The volume of water column.

Answer to Problem 2SP

The volume of water column is $1.25{\text{ m}}^3$.

Explanation of Solution

Given info: The density of water is $1000\text{kg}/{\text{m}}^3$. The depth of the pool is $2.5\text{m}$ and its cross-sectional area is $0.5\text{}{\text{m}}^2$.

Write the expression to find the volume of the water column.

$V=A\times t$

Here,

$V$ is the volume of the water column

$A$ is the area of the water column

$t$ is the depth of the water column

Substitute $2.5\text{m}$ for $t$ and $0.5\text{}{\text{m}}^2$ for $A$ in equation to find $V$

$\begin{array}{c}V=\left(2.5\text{m}\right)\left(0.5\text{}{\text{m}}^2\right)\\ =1.25{\text{ m}}^3\end{array}$

Conclusion:

Therefore, the volume of water column is $1.25{\text{ m}}^3$.

(b)

To determine

The mass of the water column.

Answer to Problem 2SP

The mass of the water column is $1.25\times {10}^3\text{ kg}$.

Explanation of Solution

Write the equation to find density of the water column.

$\rho =\frac{M}{V}$

Here,

$\rho$ is the density of water

$M$ is the mass of the water column

$V$ is the volume of the water column

Substitute $1000\text{kg}/{\text{m}}^{\text{3}}$ for $\rho$ and $1.25{\text{ m}}^3$ for $V$ to find the mass of the water column.

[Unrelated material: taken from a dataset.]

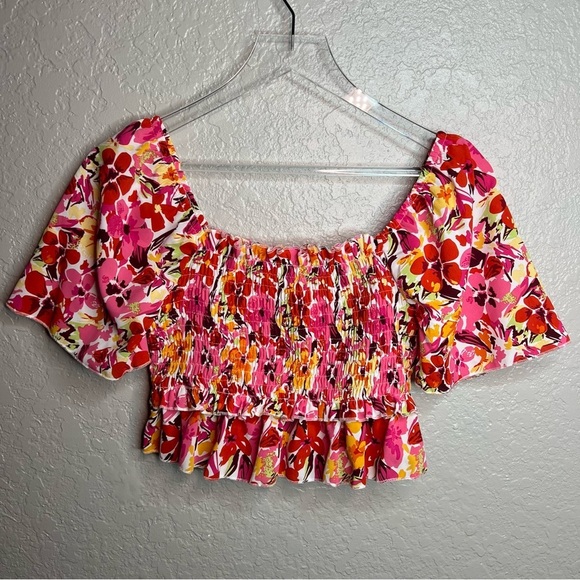 Flower Themed Ruffled Crop Top - Picture 2 of 6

$\begin{array}{c}M=\left(1000\text{kg}/{\text{m}}^{\text{3}}\right)\left(1.25{\text{ m}}^3\right)\\ =1.25\times {10}^3\text{kg}\end{array}$

Conclusion:

Therefore, the mass of the water column is $1.25\times {10}^3\text{ kg}$.

(c)

To determine

The weight of the water column in newtons.

Answer to Problem 2SP

The weight of the water column in newtons is $12.25\times {10}^4\text{ N}$.

Explanation of Solution

Write the equation to find the weight of the water column.

$W=Mg$

Here,

$W$ is the weight of the water column

$M$ is the mass of the water column

$g$ is the acceleration due to gravity

Substitute $1.25\times {10}^3\text{ kg}$ for $M$ and $9.8\text{m}/{\text{s}}^2$ for $g$ to find the weight of the water column.

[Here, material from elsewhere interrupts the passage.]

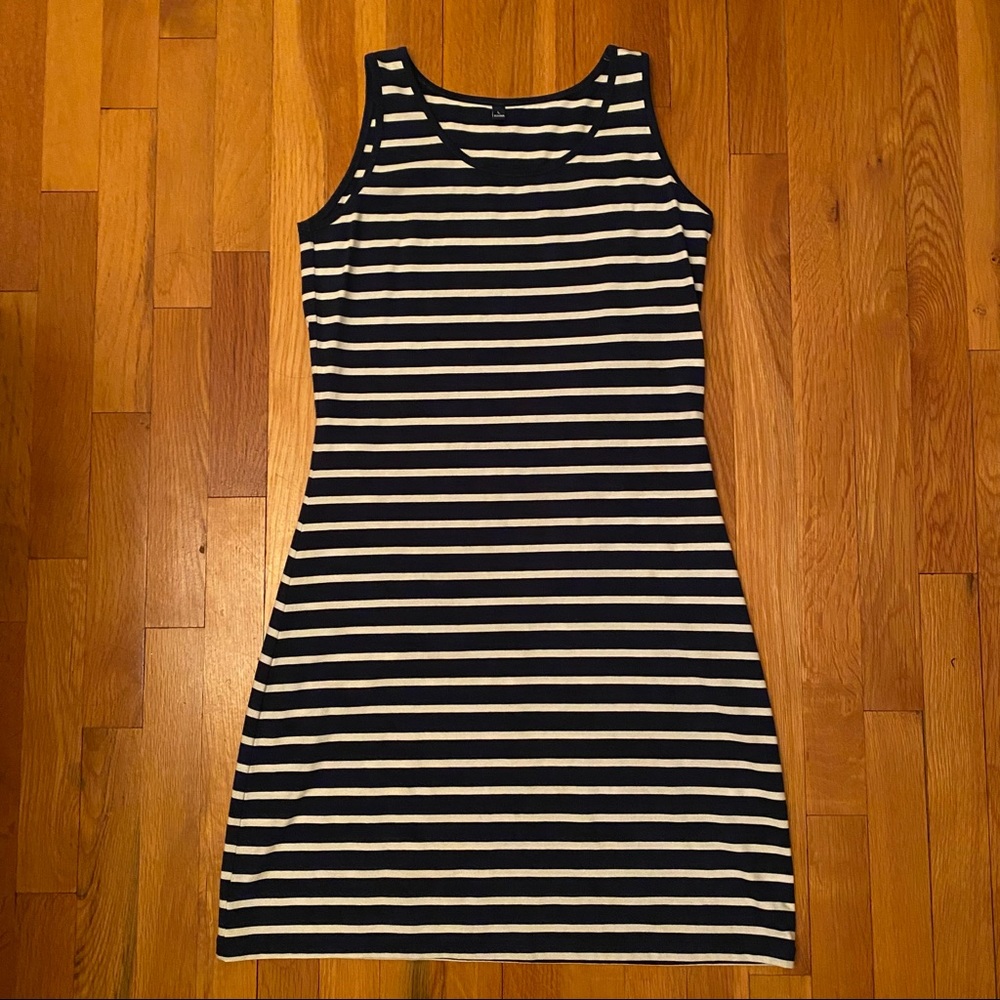 Casual and comfy striped dress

$\begin{array}{c}W=\left(1.25\times {10}^3\text{ kg}\right)\left(9.8\text{m}/{\text{s}}^2\right)\\ =12.25\times {10}^4\text{ N}\end{array}$

Conclusion:

Therefore, the weight of the water column in newtons is $12.25\times {10}^4\text{ N}$.

(d)

To determine

The excess pressure exerted by the column of water on the bottom of the pool.

Answer to Problem 2SP

The excess pressure exerted by the column of water on the bottom of the pool is $24500\text{ Pa}$.

Explanation of Solution

Write the expression to find the excess pressure.

$P=h\rho g$

Here,

$P$ is the pressure

$h$ is the depth of the water column

$\rho$ is the density of water

$g$ is the acceleration due to gravity

Substitute $2.5\text{m}$ for $h$, $1000\text{kg}/{\text{m}}^{\text{3}}$ for $\rho$ and $9.8\text{m}/{\text{s}}^{\text{2}}$ for $g$ to find the excess pressure.

$\begin{array}{c}P=\left(2.5\text{m}\right)\left(\text{1000 }\text{kg}/{\text{m}}^3\right)\left(9.8\text{m}/{\text{s}}^{\text{2}}\right)\\ =24500\text{ Pa}\end{array}$

Conclusion:

Therefore, the excess pressure exerted by the column of water on the bottom of the pool is $24500\text{ Pa}$.

(e)

To determine

The value of pressure of the water column compared with the atmospheric pressure.

Answer to Problem 2SP

The value of pressure of the water column is about $\frac{1}{4}\text{th}$ of the atmospheric pressure.

Explanation of Solution

Write the expression to find the ratio of pressure of the water column and the atmospheric pressure.

$ratio=\frac{P_w}{P_a}$

Here,

$P_w$ is the pressure of the water column

$P_a$ is the atmospheric pressure

Substitute $24500\text{ Pa}$ for $P_w$ and $101325\text{ Pa}$ for $P_a$ in the above equation to find the ratio.

$\begin{array}{c}\text{ratio}=\frac{24,500\text{Pa}}{101,325\text{Pa}}\\ =\frac{1}{4}\end{array}$

Conclusion:

Therefore, the value of pressure of the water column is about $\frac{1}{4}\text{th}$ of the atmospheric pressure.